In multivariable analysis, participants had greater odds of placing high value on peer support if they had clinically significant anxiety or depression symptoms (Odds ratio [OR] 2.70, 95% Confidence interval [CI] 1.13-6.73), were single/separated/divorced/widowed (OR 2.88, 95% CI 1.06-8.86), or had higher social support scores (OR 1.29 per 10-pt increase; 95% CI 1.04-1.62). Conversely, individuals with low financial satisfaction had lower odds of valuing peer support (OR 0.34; 95% CI 0.13-0.81).

Patients with higher self-stigma toward psychological help had lower odds of placing high value on both self-directed online programs (OR 0.54 per 5-pt increase, 95% CI 0.39–0.74) and group support (OR 0.74 per 5-pt increase, CI 0.56-0.98).

Participants had greater odds of placing high value on therapists to promote emotional coping if they had clinically significant anxiety or depression symptoms (OR 3.24, 95% CI 1.49-7.34). On the other hand, patients had significantly lower odds of valuing therapists if they were older (OR 0.76 per 10-year increase, 95% CI 0.59-0.97), were single/separated/divorced/widowed (OR 0.40; 95% CI 0.16-0.98), or had higher self-stigma scores (OR 0.53 per 5-pt increase, 95% CI 0.38-0.73).

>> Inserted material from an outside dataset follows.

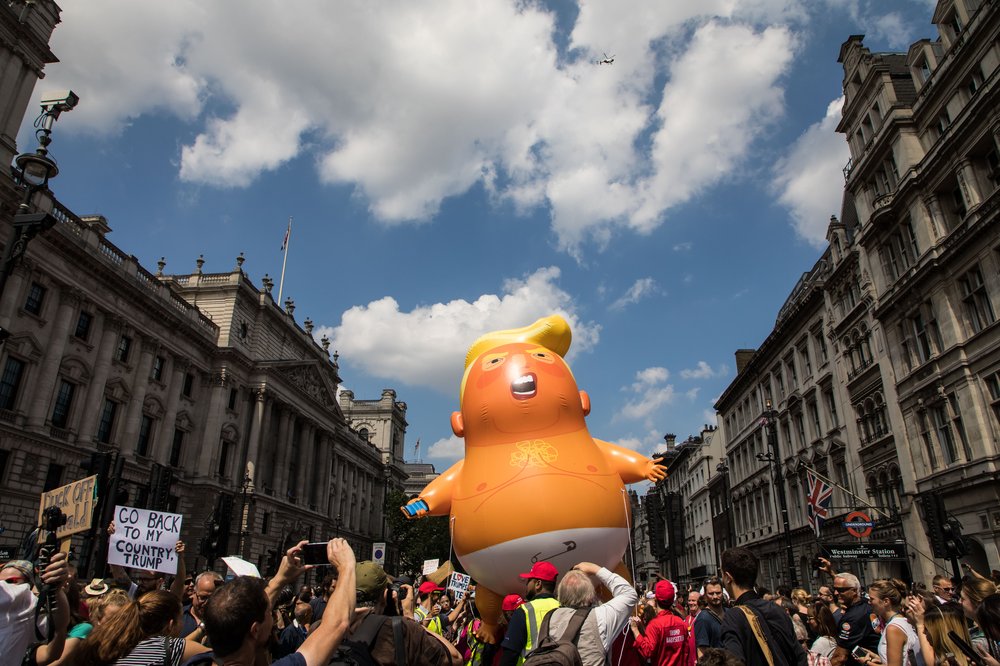 df6e209b7shutterstock_9761045j-jpg.jpeg An inflatable 'Trump Baby' blimp is flown among tens of thousands of protesters gathered in central London to protest the State visit of US President Donald Trump on July 13, 2018 (Vianney Le Caer/Shutterstock)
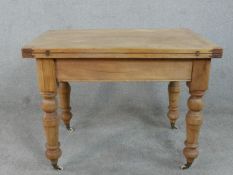 A Victorian pine kitchen table with hinged foldover top on turned baluster supports. H.72 W.132 D.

Conclusions: In this cohort of adults with newly diagnosed lymphoma or myeloma, we observed strong interest in interventions to promote emotional coping, with peer support the most highly valued. The perceived utility of peer support, particularly among patients with clinically significant anxiety or depression symptoms, supports its integration into standard psychological care for this patient population. Moreover, the modulating effect of self-stigma on the perceived usefulness of psychological interventions argues that stigma itself is a key barrier to effective mental health care for patients with blood cancers.